BEGIN Dataset entries

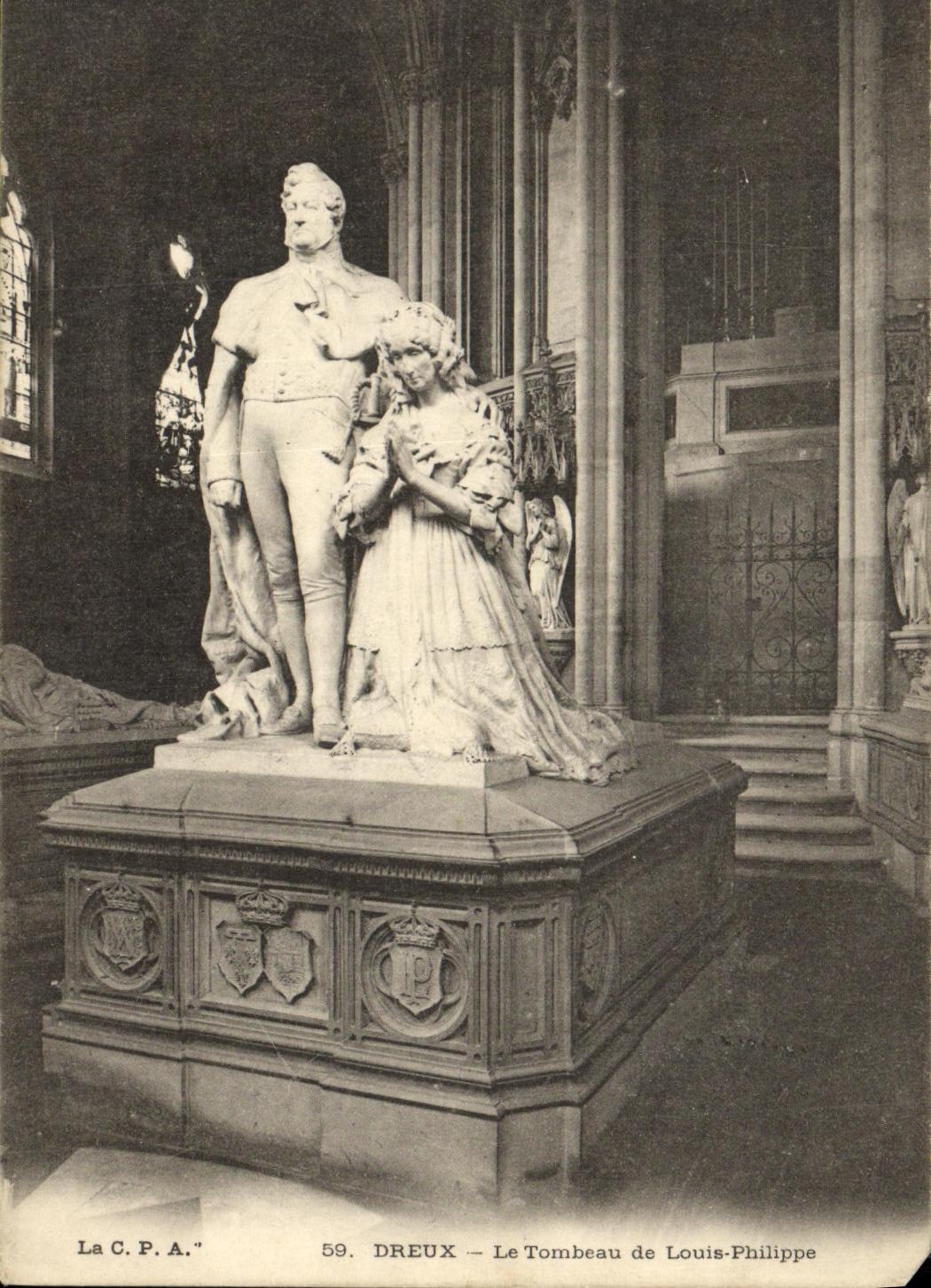 POSTAL Dreux de la VENDIMIA la tumba de Louis Felipe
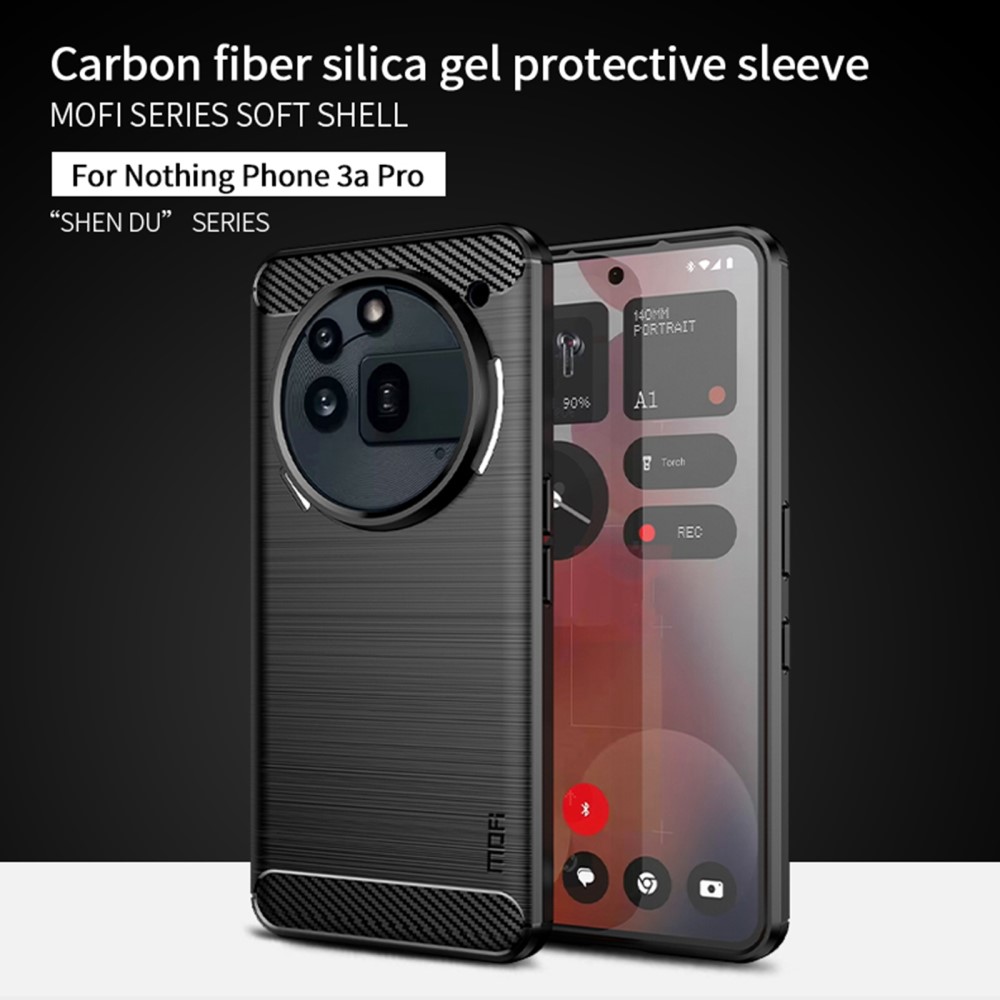 MOFI MOFI Nothing Phone 3a Pro Skal Borstad Stål Textur Röd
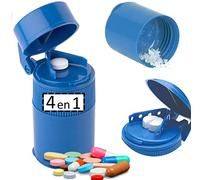 OrtoPrime Triturador de Pastillas 4 en 1 - Cortador de Pastillas KIT COMPLETO - Machacador de Pastillas Corta Pastillas - Cortador pastillas Triturador de Pastillas y PARTIDOR DE PASTILLAS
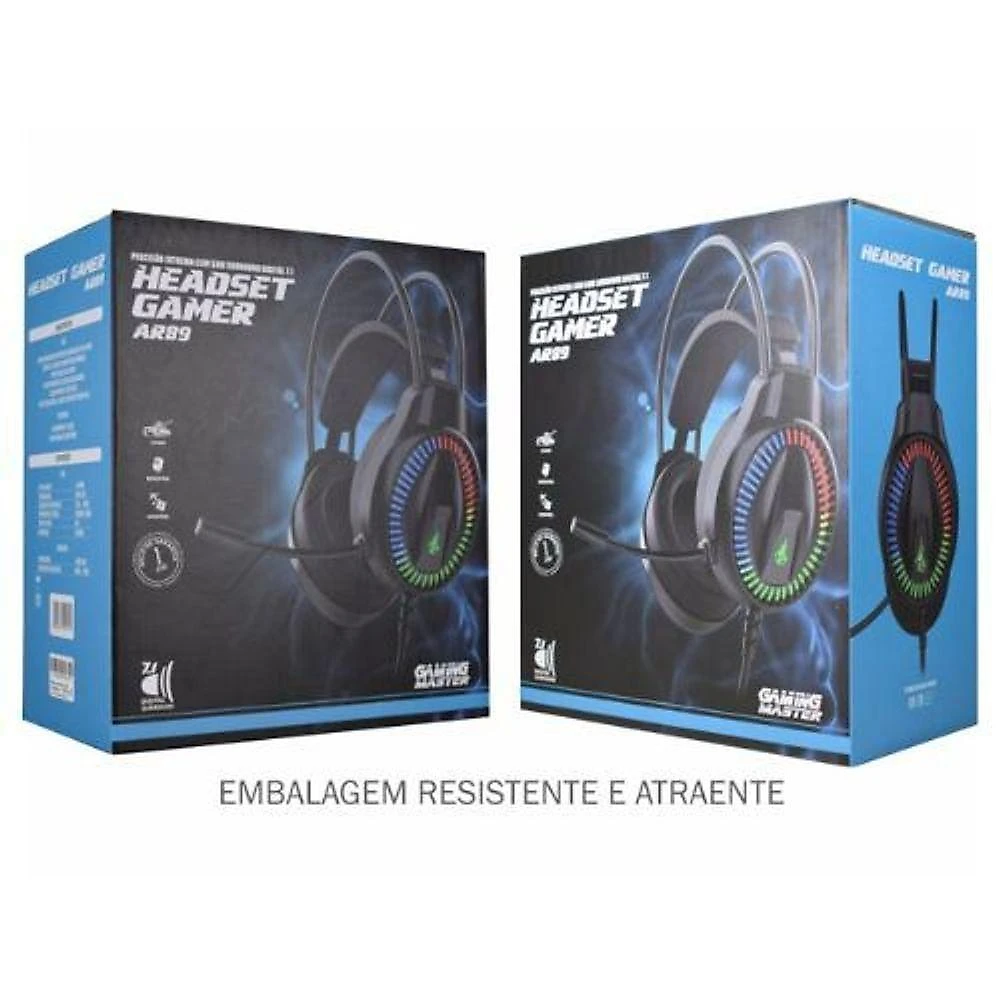 Headset Kmex Gamer Rgb 7.1 Ar89 Preto
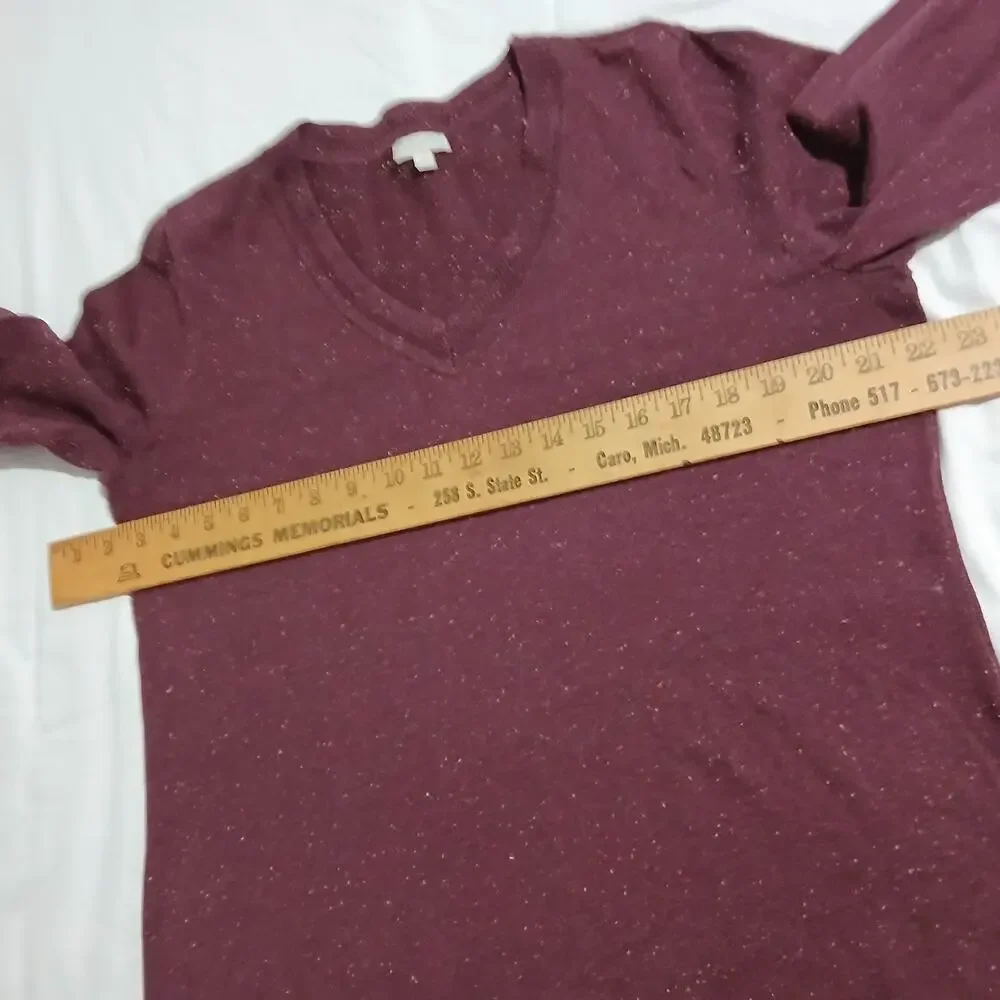 Talbots Med Maroon Multicolor Flecked V-Neck Sweater Cotton Blend Lightweight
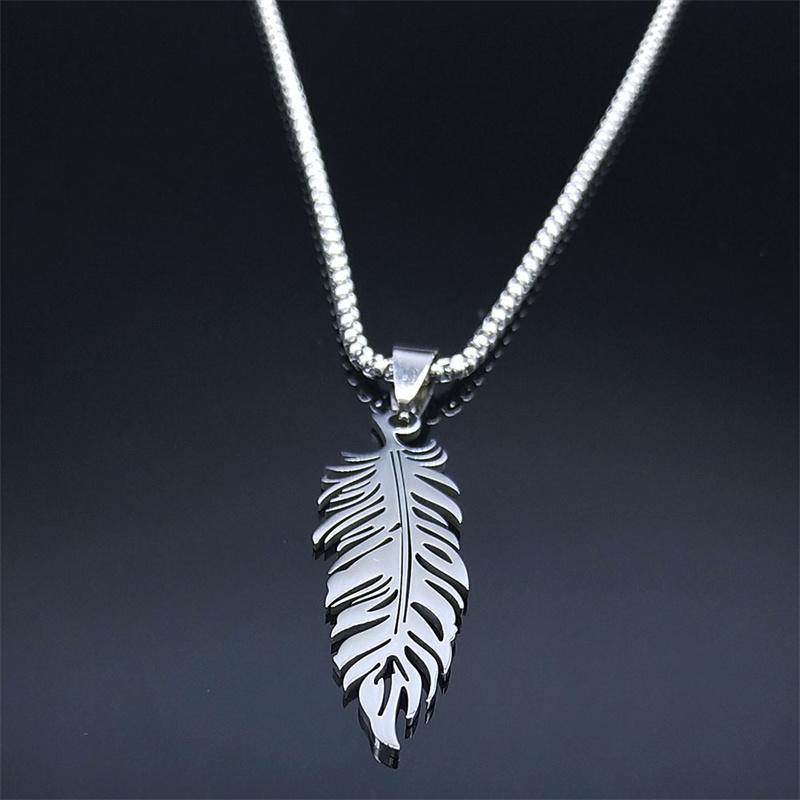 Boho Feather Pendant Male Necklace for Women Men Stainless Steel Silver Color Leaf Chain Jewelry Gift Collar Hombre N3393S01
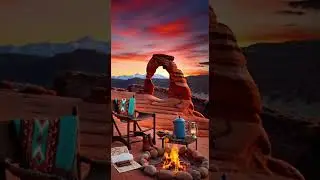 Epic Delicate Arch Sunset & Campfire ASMR | No Talking
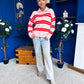 Felicity Striped Knit Jumper Red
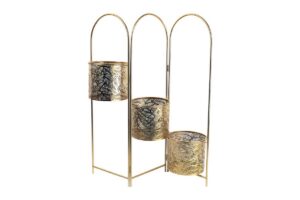 SET 3 VASI PORTAPIANTE METALLO ORO 54X20X74,5CM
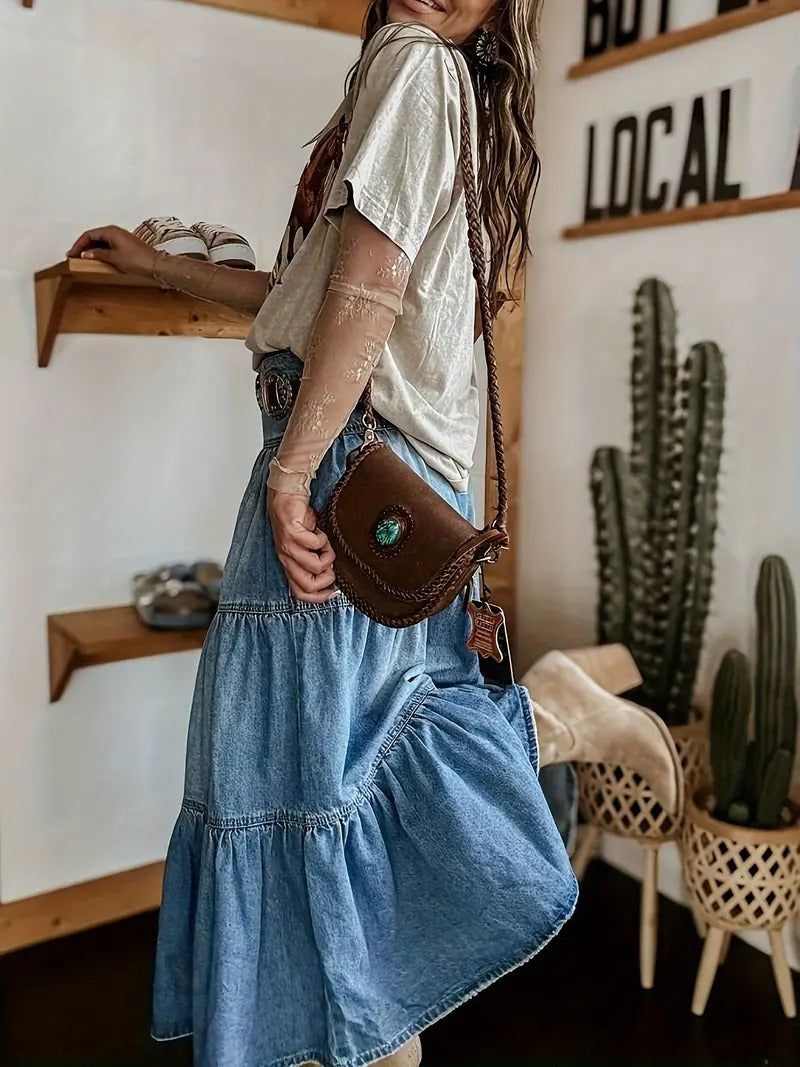 Women's High Waisted Tiered Maxi Skirt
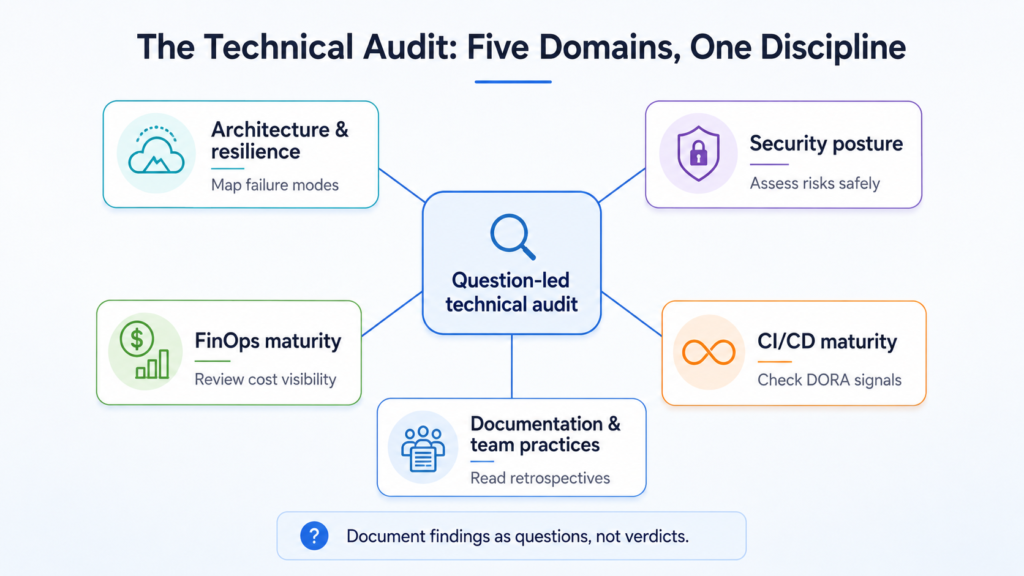 Question-led technical audit diagram showing five assessment domains: architecture and resilience, security posture, FinOps maturity, CI/CD maturity, and documentation and team practices.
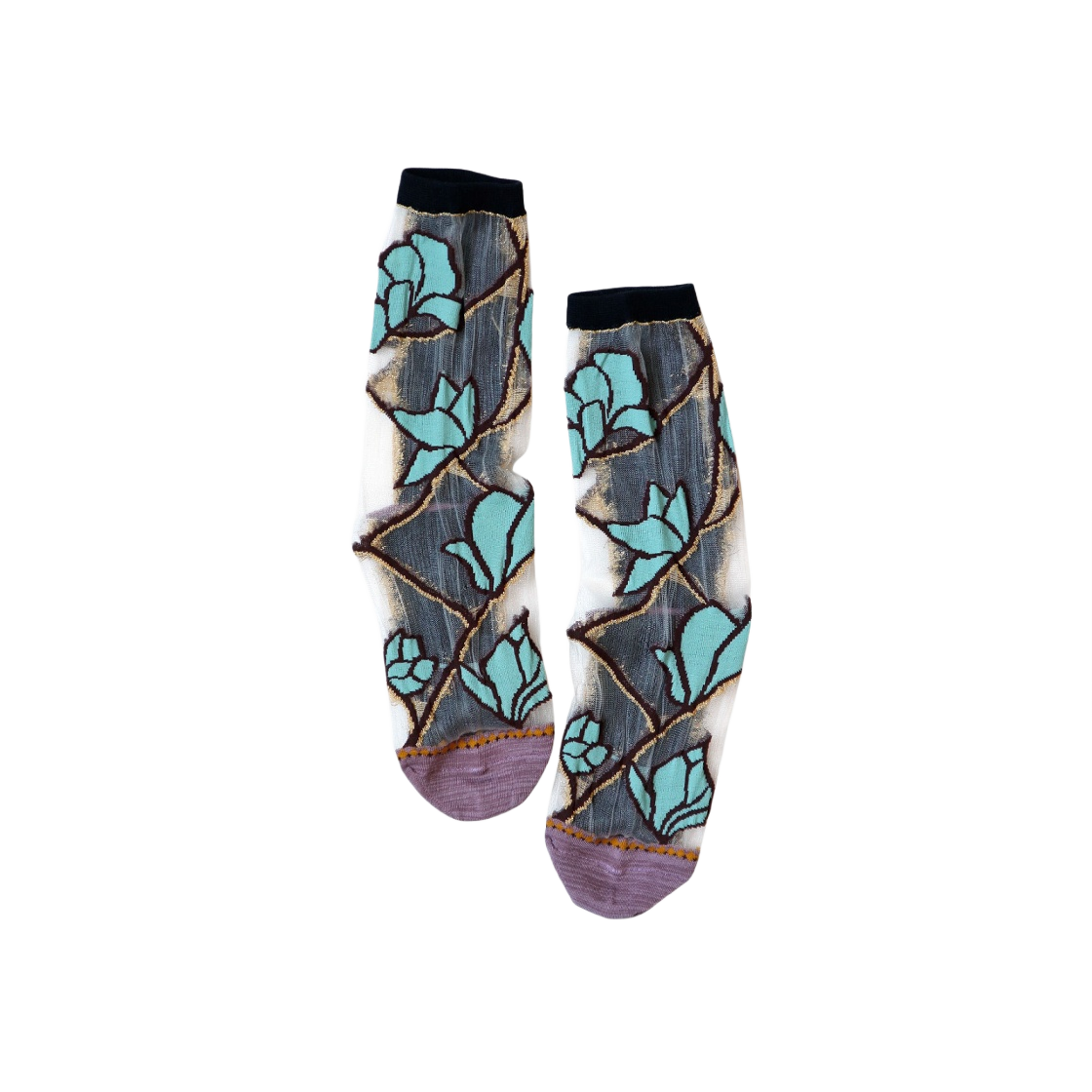 캐피탈 200 매그놀리아 패턴 시스루 삭스 블랙(Kapital 200 Magnolia Pattern See Through Socks Black) - 1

END Dataset entries

Every line from the one containing "Boho Feather Pendant" through the end of the listing is to be copied exactly; the pictures are not.

 Boho Feather Pendant Male Necklace for Women Men Stainless Steel Silver Color Leaf Chain Jewelry Gift Collar Hombre N3393S01
 Epic Delicate Arch Sunset & Campfire ASMR | No Talking
 Felicity Striped Knit Jumper Red
 SET 3 VASI PORTAPIANTE METALLO ORO 54X20X74,5CM
 Women's High Waisted Tiered Maxi Skirt
 Question-led technical audit diagram showing five assessment domains: architecture and resilience, security posture, FinOps maturity, CI/CD maturity, and documentation and team practices.
 캐피탈 200 매그놀리아 패턴 시스루 삭스 블랙(Kapital 200 Magnolia Pattern See Through Socks Black) - 1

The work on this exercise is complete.